How ignorant are we, to not notice the classism in this advertisement? How are we tolerating the portrayal of visibly well-dressed man from an upper middle class background to be trustworthy and men from not so well to do backgrounds to be worthy of doubt? We are branding people based on their clothes, appearances and class every day of our lives which is absolutely detrimental to any form of social cohesion in our society. This is the reason why a well-dressed, well-educated and well-paid man like R.K Pachauri gets away with any shaming related to his sexual harassment case. This is also why many cases relating to child sexual abuse within the family, isn’t even reported, because the suspect is “too nice” or “too decent” to even commit such an act.
Having travelled through public transport all my life, I very well aware of the sense of fear, the uncomfortable atmosphere, a feeling of helplessness and restlessness in such situations. None of these things are alien to us. Aren’t we all accustomed to those stares at nights which shout the words: “You shouldn’t be here at this time?” Don’t we all picture the back up options in our heads in case something happens? I’ve carried stones in my hand just to go to the kirana store outside my house at 9 PM. This happens all the time and is a constant problem. But, I wonder, what is the most logical solution to this?

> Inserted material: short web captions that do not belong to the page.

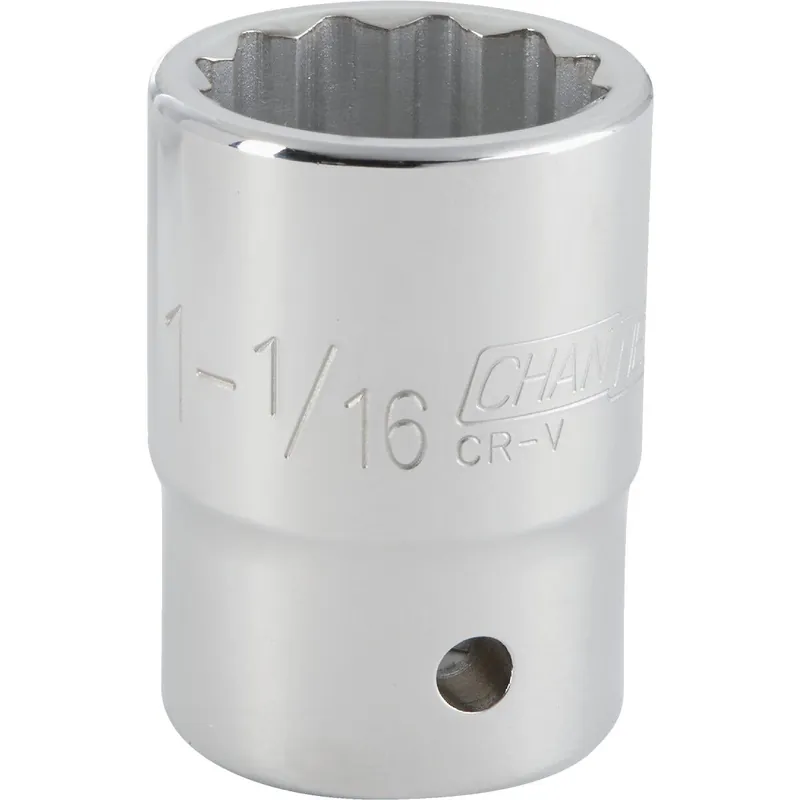 Channellock 308951 3/4 In. Drive 1-1/16 In. 12-Point Shallow Standard Socket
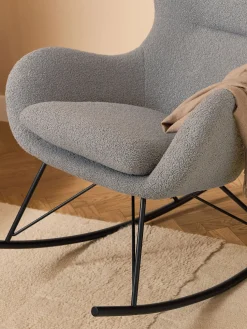 Mecedora de borreguillo Wing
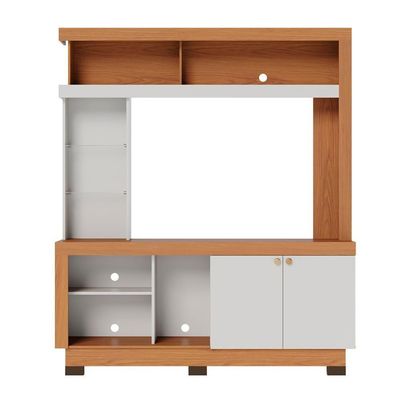 Estante Home Theater Para Até 50" 2 Portas Valença Freijó Off White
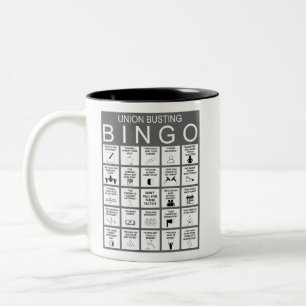Mug à café à deux tons anti-Union Bingo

We live in a society that puts the onus of safety on the women. “She shouldn’t have gone so late” or “She shouldn’t have worn that skirt” are some of the common excuses given to avoid tackling the real problem. There is negligible talk about how better mechanisms adopted by the state, law enforcement and active participation and control by each and every citizen can ensure safer spaces. There is a fine line between mitigating factor and finding the easiest way to solve a problem, I’m afraid to say, shutting the hostel doors at 6PM falls in the latter.
The major problem I have with the video is their sexist portrayal of the woman and the respective knight in shining armour who couldn’t care less about the her safety if not the guarantee of a “salute”. Not only does this show a regressive mentality of how women should be in constant need of help but also puts an unwarranted and unnecessary role for a man to save the day. This isn’t standing up, this is heroism uncalled for. I was deeply saddened by the content of this advertisement. Not only because it trivialises the situation but most importantly because it aggravates the already existing patriarchal structure prevalent in our society.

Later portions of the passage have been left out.